納豆菌がもたらすニワトリの暑熱ストレス緩和の可能性とは?
近年の地球温暖化により、特に暑い夏日が増え、養鶏業界に多大な影響をもたらしています。この問題を解決するために、タカノフーズ株式会社およびタカノバイオ株式会社は、椙山女学園大学と共同で、納豆菌を利用した飼料がニワトリの暑熱ストレスを軽減する可能性を検証しました。この研究の結果は、国際学術誌「Poultry Science」に掲載されるとともに、日本家禽学会で優秀発表賞を受賞したとのことです。
研究の背景
夏季の高温は、ニワトリにとって非常にストレスフルな環境です。特に高齢の産卵鶏は、加齢による生理機能の低下から暑熱ストレスに対して敏感であり、これは産卵率や卵殻強度の低下といった生産上の問題を引き起こすことがあります。養鶏業界では、暑熱ストレスを軽減しながら生産性を維持するための新しい飼料添加物が必要とされています。ここで注目されるのが、納豆菌(Bacillus subtilis var. natto)で、これは医療や食品分野でもその効能が知られる安全な微生物です。
研究の概要
この研究では、納豆を添加した飼料が暑熱ストレス下における産卵鶏の生理的および生産性にどのように影響を与えるのかを評価しました。対象となったのは、高齢の産卵鶏135羽で、約30℃の環境下に配置され、納豆を含まない対照群と異なる濃度の納豆を添加した飼料群で比較されました。実験を通じて、各群での血中のストレスマーカーや産卵率が評価されました。
研究結果
試験の結果、納豆を摂取した鶏群では血中の酸化ストレスの指標であるマロンジアルデヒド(MDA)の濃度が抑制され、酸化ストレスが軽減されることが示されました。また、産卵率や飼料要求率の改善も見られ、暑熱環境でも生産性が維持できる可能性が確認されました。更に、糞便や腸内から納豆菌が確認され、その存在が健康的な腸内環境を保つ一助となったことが示唆されました。
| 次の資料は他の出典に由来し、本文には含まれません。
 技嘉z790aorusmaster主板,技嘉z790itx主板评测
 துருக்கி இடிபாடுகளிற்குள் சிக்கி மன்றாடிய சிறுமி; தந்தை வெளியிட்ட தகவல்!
特に、腸管形態の指標である絨毛高さと陰窩深さの比が改善する傾向も認められ、これにより腸内の栄養吸収状態が改善された可能性があります。
今後の展望
本研究では特定の納豆菌株が使用されましたが、今後は他の納豆菌との比較や作用メカニズムの詳細な検証が求められます。これにより、養鶏業界の健康保持や生産性維持のための新たな戦略が開発され、持続可能な養鶏業への貢献が期待されます。
まとめ
この研究は、納豆菌を用いた飼料が高齢産卵鶏の暑熱ストレスの軽減と生産性維持に寄与する可能性を示した重要な成果です。将来的には、家畜の健康とその生産性の向上に繋がる研究として、養鶏業界の革新を促進することを期待しています。
この新しい知見が、養鶏業界におけるプロバイオティクス利用の方向性を示すものであり、納豆菌が新たなムーブメントを引き起こすかもしれません。